#### [What you should do]
Starting with the line that contains "24464 Gopher Ave, Tomah, WI Parcel Map", give again exactly and only each line through the end of the records; include the last line and exclude pictures.

#### [Information supplied]
※ ※ ※

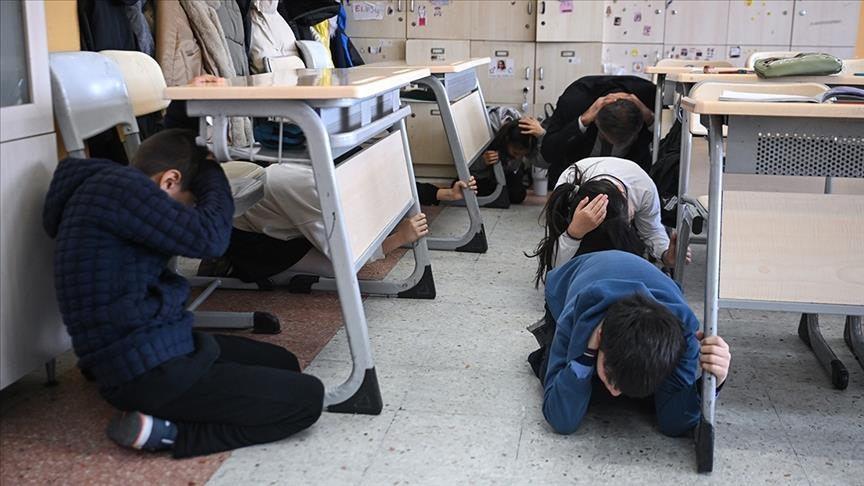 Bakanlıktan yapılan açıklamaya göre, MEB, “Yeşil Vatan – Benim Okulum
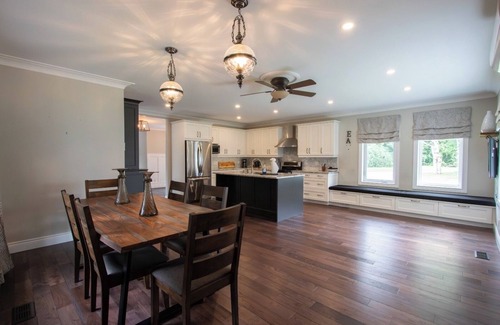 Lindsay Casa | Golf Course Cottage in Little Britain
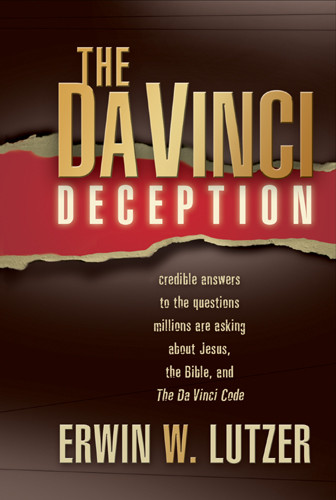 The Da Vinci Deception - Hardcover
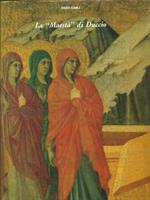 La  maestà di Duccio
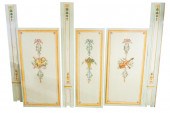 COLLECTION OF FRENCH CARVED &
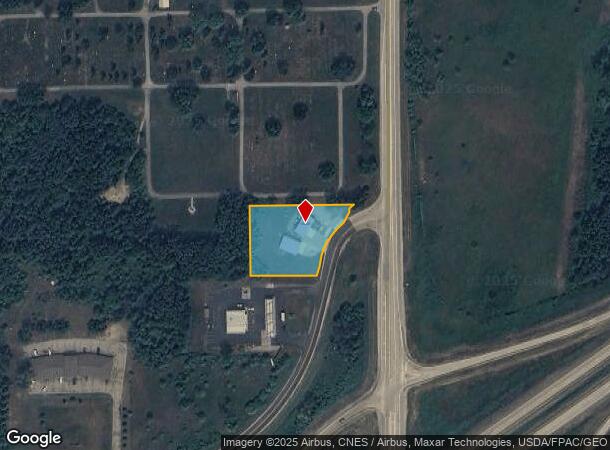  24464 Gopher Ave, Tomah, WI Parcel Map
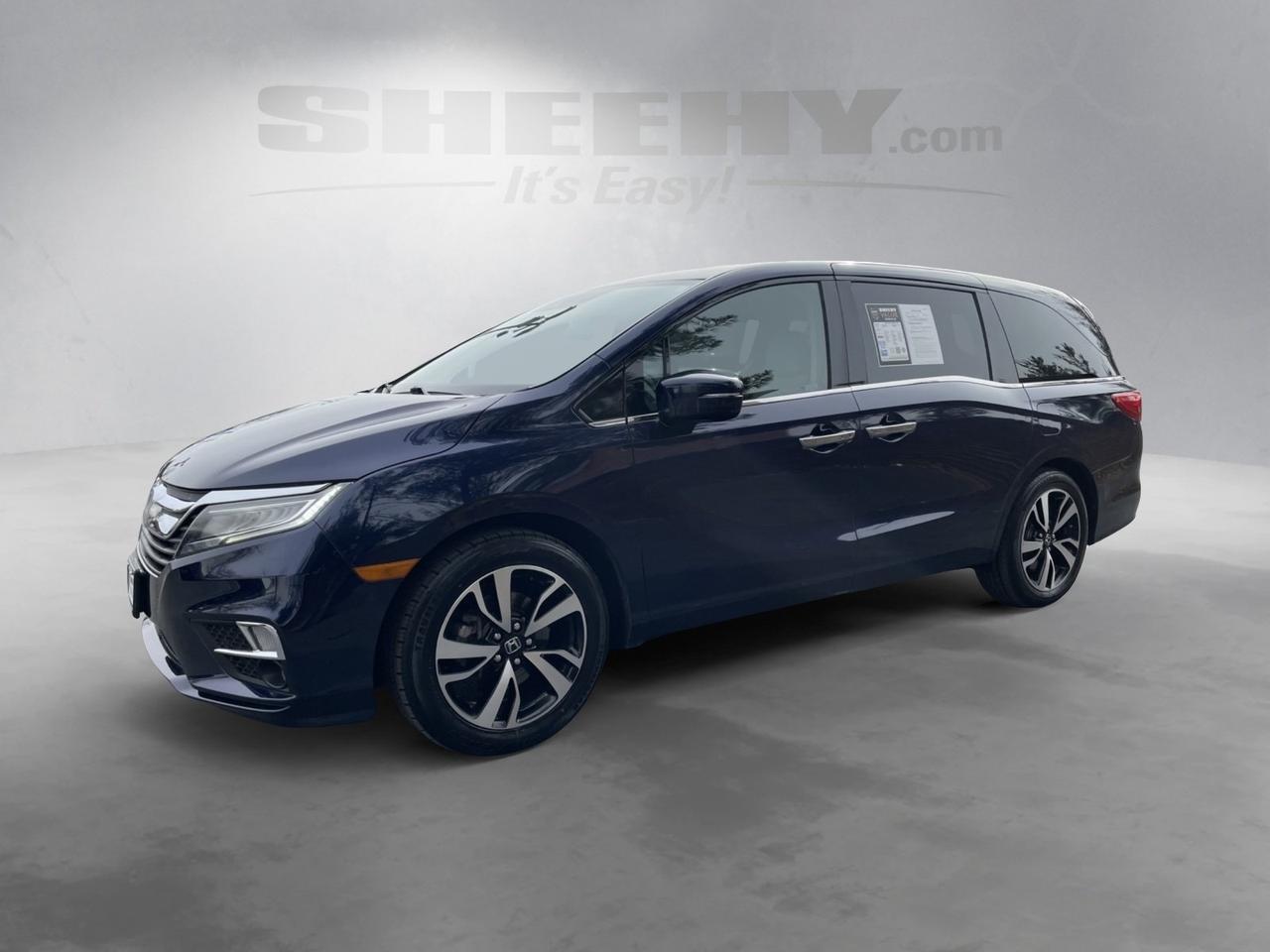 2018 Honda Odyssey Elite Alexandria VA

※ ※ ※

#### [Answer section]
  24464 Gopher Ave, Tomah, WI Parcel Map
 2018 Honda Odyssey Elite Alexandria VA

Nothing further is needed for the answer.